The U.S. Central Command (CENTCOM) announced on Monday that it had carried out a drone strike against a senior leader of al-Qaeda located in the northern Syrian province of Idlib.

Navy Lt. Josie Lynne Lenny, a CENTCOM spokeswoman, said that “U.S. forces conducted a kinetic counterterrorism strike near Idlib, Syria, today [sic], on a senior al-Qaeda leader.”

“Initial indications are that we struck the individual we were aiming for, and there are no indications of civilian casualties as a result of the strike.” Lt. Lenny did not identify the target of the airstrike.

The Pentagon confirmed the report later on Monday although Pentagon spokesperson John Kirby declined to answer any questions about the drone strike during a press briefing. 

Kirby did tell the assembled media that an Air Force general officer has been tasked to lead an investigation into the drone strike in Afghanistan that killed 10 people, including seven children on August 29. That strike killed a family whose father, an aid worker, was mistakenly believed to be an ISIS-K facilitator.

However, according to the Search for International Terrorist Entities Institute (SITE) Intelligence Group, monitored social media traffic indicates that the strike killed Abu al-Bara’ al-Tunisi and Abu Hamza al-Yemeni, two fighters with Tanzim Hurras ad-Din (Guardians of Religion Organization), a militia in northern Syria that is aligned with al-Qaeda. As Rita Katz, the co-founder of SITE wrote on Twitter,

The Syrian Observatory for Human Rights (SOHR) reported that the drone was a U.S. Reaper and that it attacked a vehicle on the road between Binnish and Idlib city in Idlib countryside. SOHR sources have said that a commander of a jihadi organization was traveling in the car when it was attacked. 

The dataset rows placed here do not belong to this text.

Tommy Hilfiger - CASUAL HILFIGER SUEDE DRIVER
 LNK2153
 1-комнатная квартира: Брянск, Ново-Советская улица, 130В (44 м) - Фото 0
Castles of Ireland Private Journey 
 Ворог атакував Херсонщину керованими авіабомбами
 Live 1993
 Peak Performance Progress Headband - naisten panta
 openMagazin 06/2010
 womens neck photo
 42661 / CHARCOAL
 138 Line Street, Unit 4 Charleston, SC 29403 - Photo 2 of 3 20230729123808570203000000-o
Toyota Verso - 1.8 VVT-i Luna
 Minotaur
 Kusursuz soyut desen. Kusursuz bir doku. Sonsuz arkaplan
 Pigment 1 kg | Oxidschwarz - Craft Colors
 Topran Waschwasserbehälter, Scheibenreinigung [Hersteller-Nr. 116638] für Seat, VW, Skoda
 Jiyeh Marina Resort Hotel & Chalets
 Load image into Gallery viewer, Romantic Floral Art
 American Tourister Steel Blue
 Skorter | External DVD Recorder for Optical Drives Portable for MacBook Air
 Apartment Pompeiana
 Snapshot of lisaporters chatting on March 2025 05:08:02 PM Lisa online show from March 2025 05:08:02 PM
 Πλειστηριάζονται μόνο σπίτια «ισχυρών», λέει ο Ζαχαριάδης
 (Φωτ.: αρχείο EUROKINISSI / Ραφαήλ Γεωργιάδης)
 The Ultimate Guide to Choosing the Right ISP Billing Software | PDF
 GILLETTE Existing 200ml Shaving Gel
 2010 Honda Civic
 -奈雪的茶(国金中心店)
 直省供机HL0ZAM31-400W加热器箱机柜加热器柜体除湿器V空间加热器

As the photos of SITE on Twitter show, the vehicle was effectively cut in half and completely destroyed. The White Helmets, a civil defense group, reported that they have removed at least one unidentified body from the wreckage. 

A photo from Syria reportedly shows the smoke rising from the U.S. drone strike on al-Qaeda. (Courtesy of Charles Lister/ Middle East Institute)

Large swaths of Idlib and the neighboring Aleppo province are the only remaining areas of Syria not under government control after a decade of bloody civil war. The U.S.-led coalition as well as the Israeli Air Force have conducted airstrikes in the region. The U.S. has conducted airstrikes against al-Qaeda and ISIS. A raid during 2019, targeted and killed the leader of the ISIS group Abu Bakr al-Baghdadi, who had fled eastern Syria and was located by the coalition. 

Various groups are vying for control of the area including the former al-Qaeda-linked Hayat Tahrir al-Sham.

Four million people have been displaced from Idlib to elsewhere in the country.